De fait, rien n’obligeait Willems à se placer dans une position aussi scabreuse que celle qu’il finit par occuper face à Lingard, qu’il laisse venir l’affronter en personne. Lingard réfléchit que « he ought to have cut Almayer’s throat and burnt the place to ashes – then cleared out. Got out of his way ; of him, Lingard ! Yet he didn’t » (p.202) ; et Willems confirme le bien fondé d’une telle option : « Don’t you see that I could have had that fool over there killed and the whole thing burnt to the ground, swept off the face of the earth. You wouldn’t have found as much as a heap of ashes had I liked. I could have done all that. And I wouldn’t. » (p.264). De même, à l’approche de Lingard, il n’était pas encore trop tard pour que Willems échappât à une confrontation désagréable : « If I had wanted to hurt you – if I had wanted to destroy you, it was easy. I stood in the doorway long enough to pull a trigger – and you know I shoot straight » (p.265). Et pourtant, Willems se laisse frapper par Lingard sans réagir.

L’énigme Willems persiste donc et se condense dans ce seul mot : et pourtant, and yet.

Il a trahi la confiance d’Hudig, a été en conséquence dégradé et exilé, a trahi encore le seul être qui se fût véritablement intéressé à lui depuis ses 17 ans (« In the whole world there was only one man that had ever cared for me. Only one white man. You ! » (p.274)), et pourtant il ne descend pas jusqu’au meurtre pour couvrir ses bassesses.

Lingard cherche plusieurs explications. « Was it impudence, contempt – or what ? He felt hurt at the implied disrespect of his power » (p.202-203). Et en effet, Willems néglige de se protéger, comme s’il craignait si peu la colère de Lingard qu’il n’y eût pas songé. Mais alors, on ne peut taxer de lâche cet homme qui ne perçoit pas la possibilité d’un danger ! C’est pourtant ce que Lingard finira par impliquer. Quand Willems confirme qu’il aurait pu tout détruire, mais ne l’a pas fait, Lingard suggère « ‘You – could – not. You dared not. You scoundrel ! » (p.264).

Mais cette explication ne vaut pas pour l’échange verbal au cours duquel ces fortes paroles sont prononcées : Willems aurait pu tuer Lingard à son approche, avant qu’un seul mot ne fût échangé. C’eût été la solution la plus lâche. Si Willems ne l’a pas choisie, c’est donc pour un autre motif. « ‘You would have missed’, said Lingard, with assurance. ‘There is under heaven, such a thing as justice’ » (p.265). Cette « explication » toutefois est si faible que Lingard s’en trouble à peine l’a-t-il émise, et perd son « assurance » : « Was there, under heaven, such a thing as justice ? » (p.265).
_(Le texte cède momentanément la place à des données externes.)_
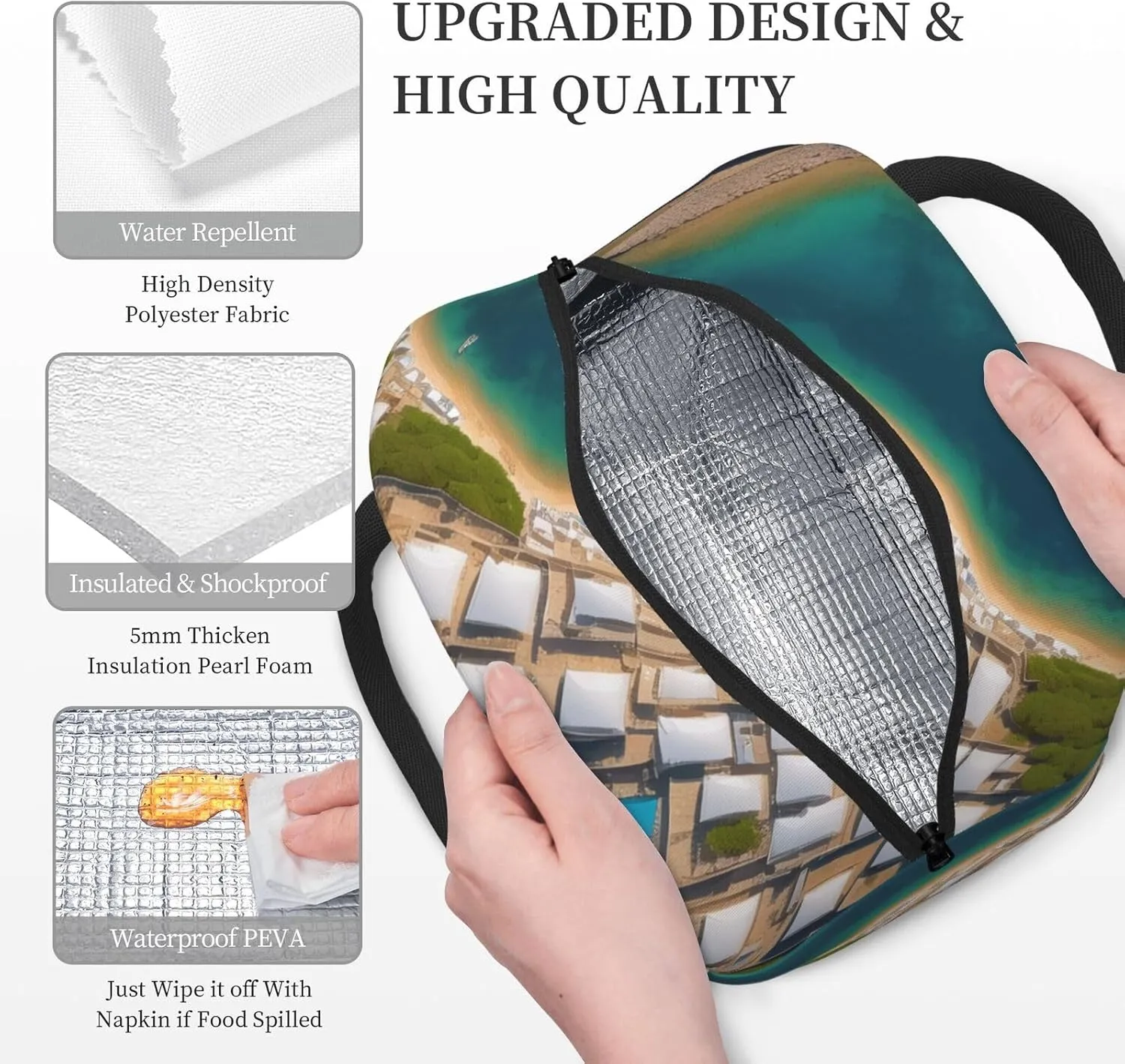 Greek Architecture Printed Patterns Lunch Bag Large Capacity Lunch Box Insulated Lunch Container For Women Man Work Outdoor Camping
Il est clair qu’aucun jugement hâtif ne peut rendre compte du comportement de Willems. La ligne droite de son honnêteté s’est brisée plusieurs fois, et pourtant il n’est pas entré dans la spirale du meurtre. Entre les voies qui s’offraient à lui et qu’il a sondées en s’y avançant de quelques pas, il ne choisit toujours pas. Entre ligne droite et spirale, Willems choisit de rester sur le delta, de faire du sur-place sur le point nodal d’où partent ces ramifications qu’il ne veut pas suivre. En d’autres termes, Willems refuse de laisser retomber ses dés, et les maintient dans un tournoiement constant : face au sideshadowing incarné que représente Aïssa, et face à l’extrapolation résolue que représente Lingard (« his actions like things preordained and unchangeable » (p.235) ; « How quickly he had planned a new future when Willems’[s] treachery destroyed their established position in Sambir ! » (p.294)), Willems représente l’émergence (au sens lacanien déjà explicité ici 223 ) incarnée.
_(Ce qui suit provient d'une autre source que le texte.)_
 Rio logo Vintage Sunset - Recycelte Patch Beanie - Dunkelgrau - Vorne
En tant que tel, il ne peut être compris de Lingard (Willems demeure pour lui « incomprehensible » (Conrad 1896a, pp.203 & 263)), pas plus qu’il n’est compris d’Aïssa, qui en est réduite, faute de percer le mystère de l’homme, à tenter de percer le mystère de sa langue :

‘She stood on one side and looked on eagerly, in a desperate effort of her brain, with the quick and distracted eyes of a person trying for her life to penetrate the meaning of sentences uttered in a foreign tongue. (Conrad 1896a, p.264)’

Notes
223.

Cf 2.1.2.3, 3.4.3.5 & 5.2.7.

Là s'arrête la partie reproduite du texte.